Well, I wish you luck....but I would put my money against, based on what you have told us.


----------



## craftkr (May 24, 2012)

"Laces Out!"

Just revert to your switch field soccer kicks, and get used to the sweet spot on the foot ball. Get the least bulky shoe you can as well, definitely will help with accuracy etc. 

Practice on distance, once you get consistent on distance then dial it in and split'em!

Good luck to ya!


----------



## BURTONboy (Feb 23, 2010)

Looks like you're doing pretty good for not having kicked in 13 years! About how far were the three practice kicks?


----------



## Cable (Jan 29, 2011)

Thanks for the feedback- those kicks landed between 50-55 yards but I did have a little wind at my back. I feel I can hit it with the wind. Pretty sure I can with no wind and am probably toast if kicking into the wind LOL


----------



## JFolm (Apr 22, 2012)

Just go to the opposite field goal lol.


----------



## morninwood (Nov 5, 2010)

Looks like a leather ball. Try a synthetic ball if you are coming up short. They have a little more give so you can get better distance and have a bigger sweet spot, but probably lose some control but looks like you got that down pretty good. Good luck!


----------



## Justin Meyers (Jun 22, 2004)

JFolm said:


> Just go to the opposite field goal lol.


Now thats thinking outside the box!


----------



## justletmein (Feb 11, 2006)

Get one of these balls:


----------



## Waterdawg19 (Mar 25, 2009)

I would put a couple cones out there that are half the width of the actual goal post.
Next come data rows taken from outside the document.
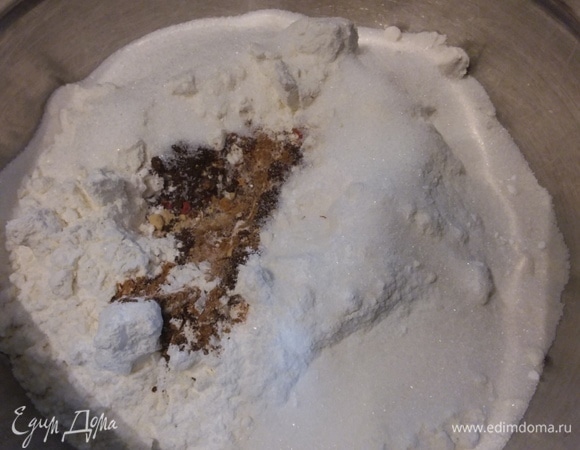 В миске смешать сухие ингредиенты, добавить специи.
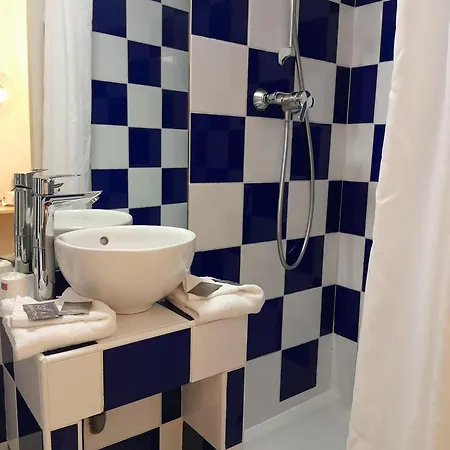 Hotel Rivoli 3*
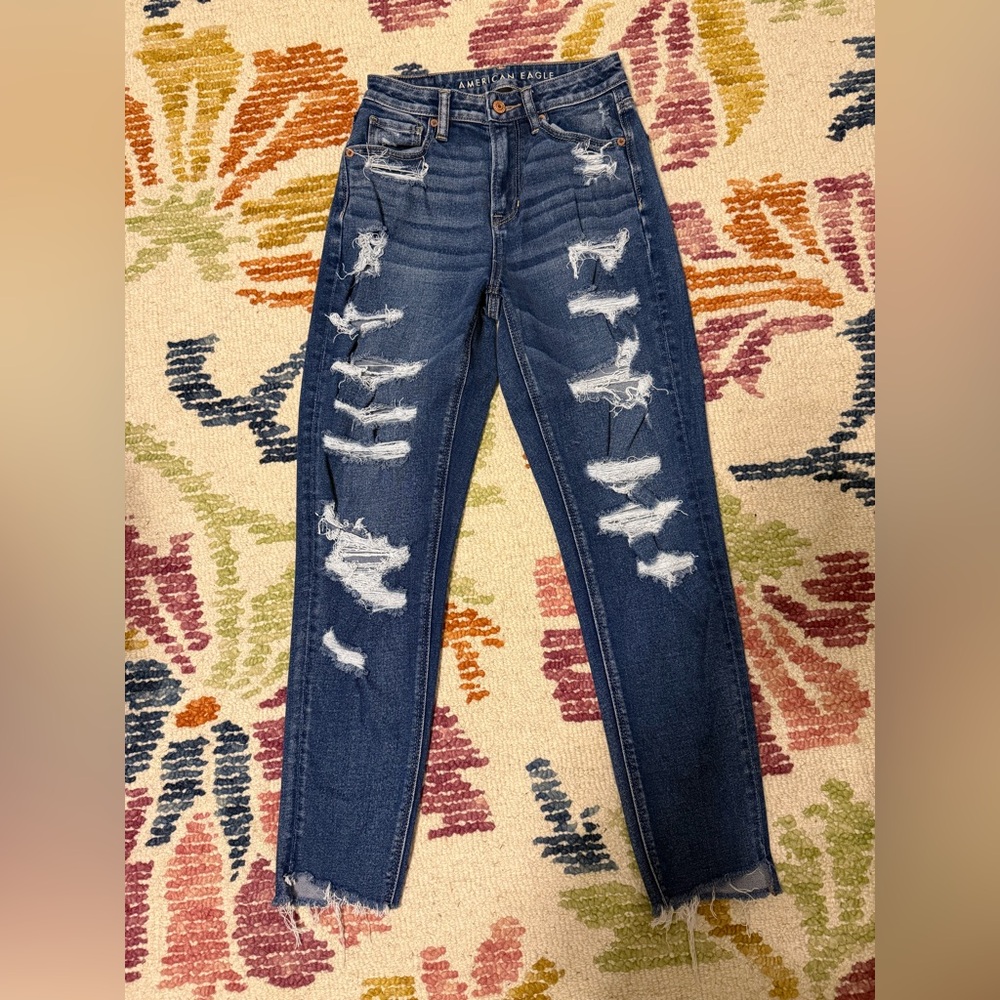 American Eagle Outfitters Ripped Straight Leg Jeans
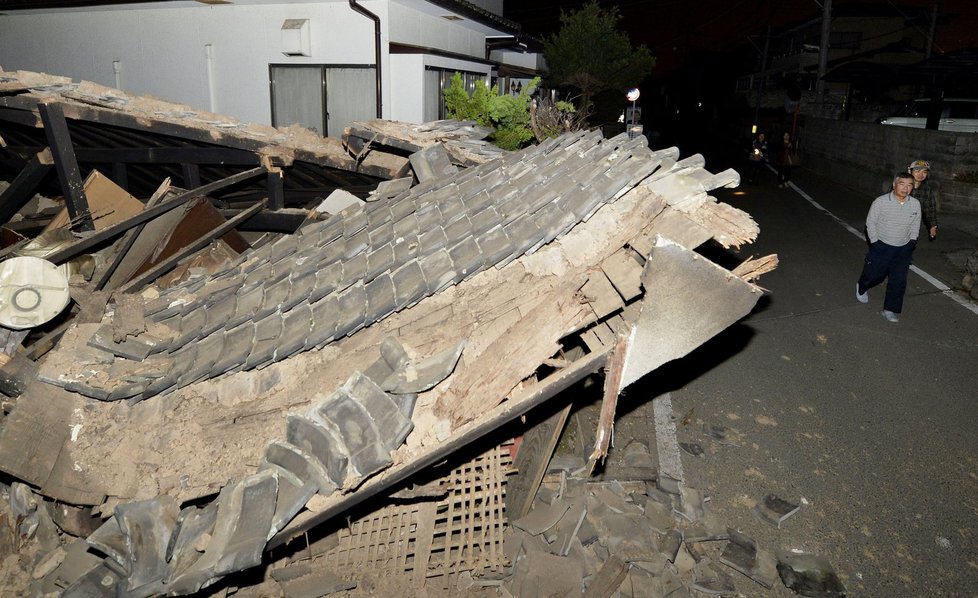 Silné zemětřesení v Japonsku si vyžádalo oběti. Lidé museli přespat na ulici.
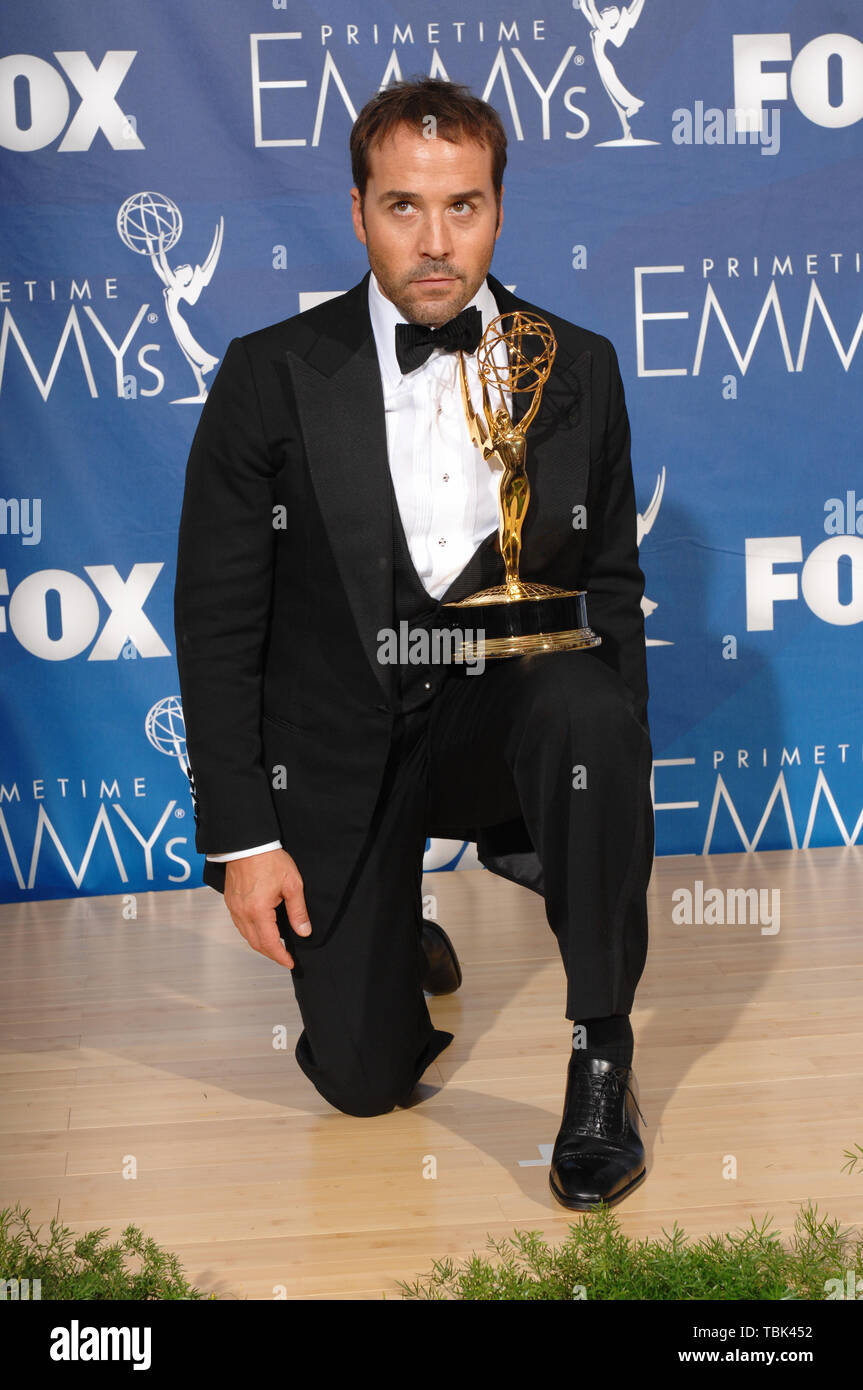 LOS ANGELES, CA. 17 settembre 2007: Jeremy Piven alla 59a Primetime Emmy Awards presso lo Shrine Auditorium. © 2007 Paul Smith / Featureflash Foto Stock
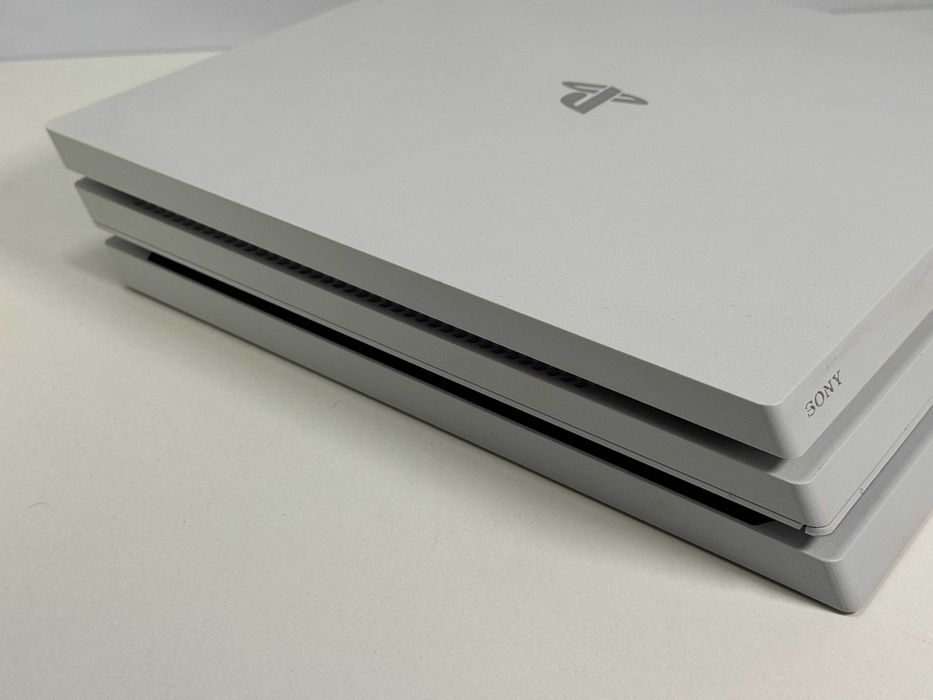 Konsola PlayStation 4 Pro 1TB CUH-7216B Biała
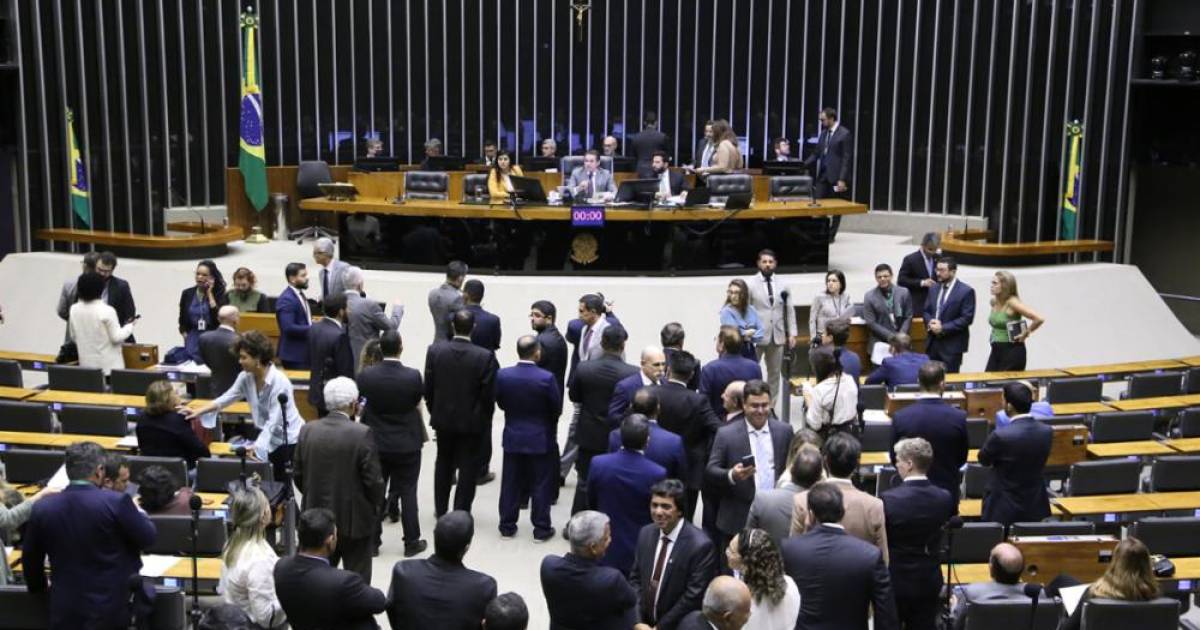 PEC da Blindagem gera revolta nas redes contra aumento da impunidade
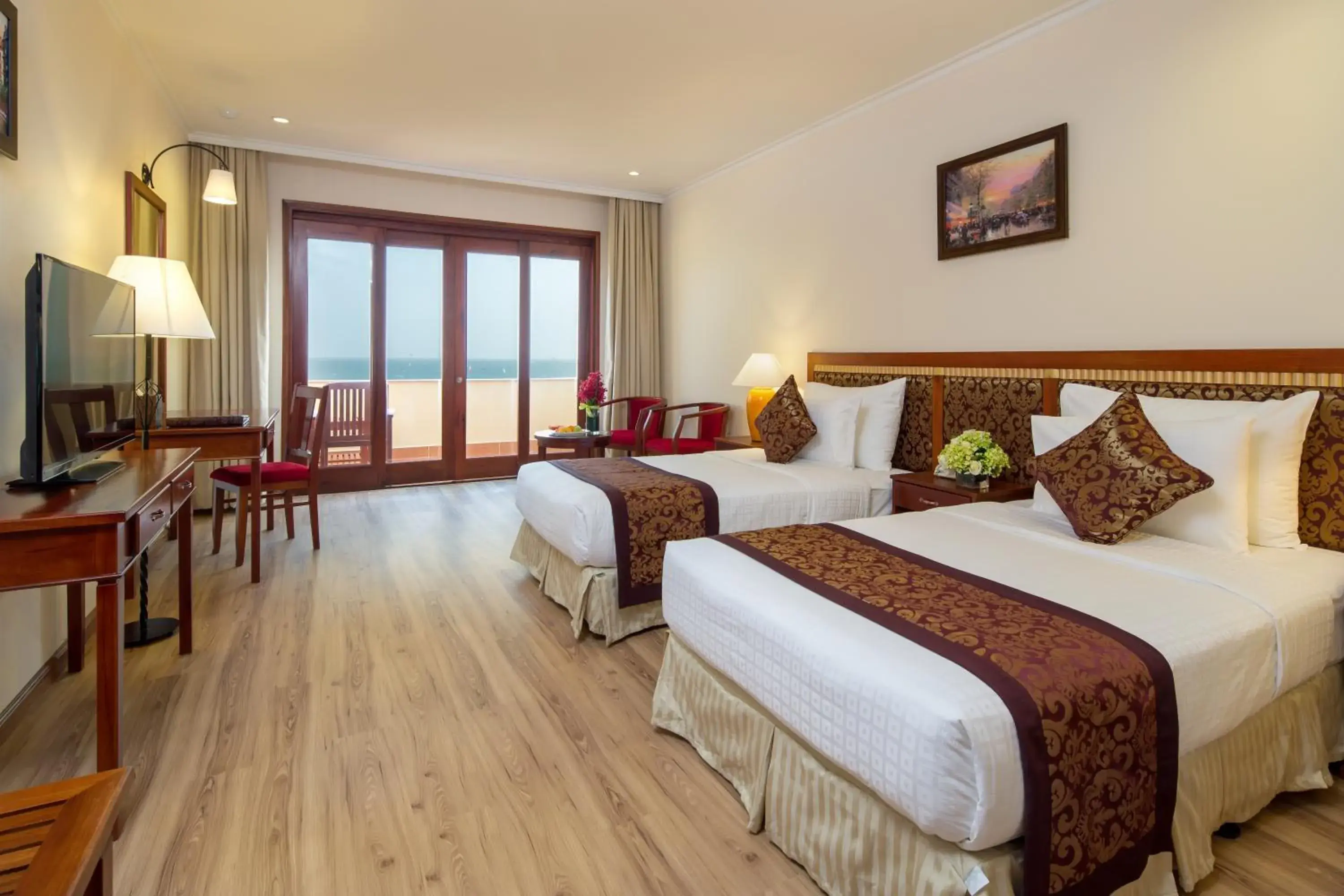 Bedroom, Bed in Sunny Beach Resort & Spa Bedroom, Bed in Sunny Beach Resort & Spa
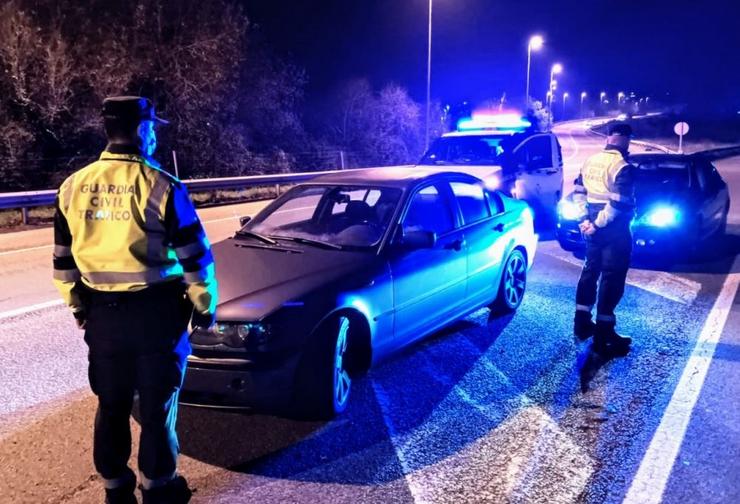 Control da Garda Civil na A-52 ao seu paso por Ribadavia (Ourense).. GARDA CIVIL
If you start getting it down, by the time you get to game day the actual goal post will look that much bigger.


----------



## AvianQuest (Feb 7, 2006)

Shoot yourself in the leg and hope for sympathy.


----------



## salth2o (Sep 21, 2004)

Don't let Dan Marino hold for you.


----------



## pierce2901 (Nov 26, 2006)

salth2o said:


> Don't let Dan Marino hold for you.


Or Tony Romo.....


----------



## justinsfa (Mar 28, 2009)

High stakes!!!!!!!! Looks like you've got the aim dialed in for sure... Just keep working that leg and I bet you can swing it!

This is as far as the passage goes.